La Concordia riversa su un fianco, fotografata dall'elicottero - Foto Ansa/Enzo Russo © www.giornaledibrescia.it
La Concordia riversa su un fianco, fotografata dall'elicottero - Foto Ansa/Enzo Russo © www.giornaledibrescia.it

Sull’isola la famiglia Tosi ha voluto tornare dopo pochi mesi: «A luglio del 2012 siamo andati a trovare chi ci aveva aiutati. Volevamo salutare i gigliesi, parlare con loro, dire ancora una volta grazie». Come per chiudere un cerchio. Anche se l’ultimo, incredibile, segno del destino doveva ancora arrivare. Dopo che la vita li aveva messi davanti a un’esperienza tanto forte, i coniugi di Lonato si sono ripromessi che non avrebbero sprecato neanche uno dei preziosi giorni ricevuti in dono. «Abbiamo deciso di avere un terzo figlio: Alessandro è nato nove mesi dopo il nostro ritorno sull’isola».

Il destino in un nome

Il destino ha voluto che venisse al mondo il 14 aprile, giorno del naufragio del Titanic, ma il segno vero è un altro. Due anni fa, leggendo un’intervista, Francesca ha scoperto che il primo militare della Capitaneria di Livorno a mettersi in contatto via radio con la Concordia si chiamava Alessandro Tosi, esattamente come il suo terzogenito.

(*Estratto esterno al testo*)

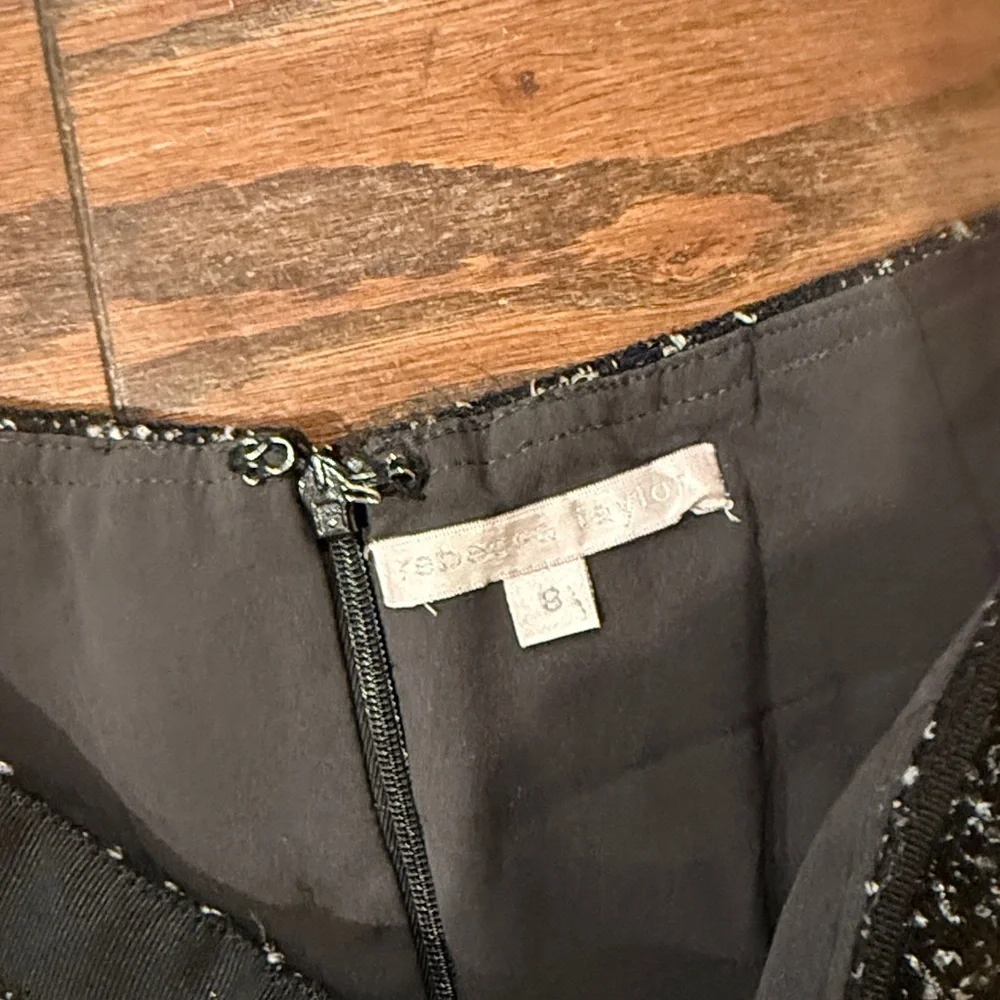 Rebecca Taylor black/grey wool blend pencil skirt, size 8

Fu proprio lui, sottocapo in sala operativa, a capire che qualcosa non tornava, dopo che - nonostante i passeggeri chiamassero dalla nave i soccorsi - la plancia di comando continuava a rifiutare interventi di aiuto. «Mi sono messa in contatto con lui e gli ho raccontato la coincidenza. Eravamo entrambi molto commossi».

Il risvolto giudiziario

L'ex comandante Francesco Schettino, a ottobre 2012, in occasione dell'udienza per l'incidente probatorio - Foto Ansa/Maurizio Degl'Innocenti © www.giornaledibrescia.it
L'ex comandante Francesco Schettino, a ottobre 2012, in occasione dell'udienza per l'incidente probatorio - Foto Ansa/Maurizio Degl'Innocenti © www.giornaledibrescia.it

Una storia, quella della famiglia bresciana, che è solo una delle miriadi di esistenze che si intrecciano con il naufragio della nave da crociera. Tra queste, quella del comandante Francesco Schettino, condannato nel 2017 a 16 anni di reclusione, pena che sta scontando nel carcere di Rebibbia. L’ex ufficiale, la cui condotta fu definita dai giudici della Corte Costituzionale «negligente», abbandonò la nave senza prima di assicurare la vita dei passeggeri.

Una valutazione in contrasto con il comportamento che oggi il 61enne tiene in carcere, dove è definito «detenuto modello», studia per laurearsi in Giornalismo e Giurisprudenza e aspetta le visite dei famigliari, tra cui la figlia Rossella. Nel frattempo, i suoi legali sono in attesa di avere il riscontro della Corte Europea dei diritti dell’uomo di Strasburgo, a cui quattro anni fa hanno chiesto la revisione del processo.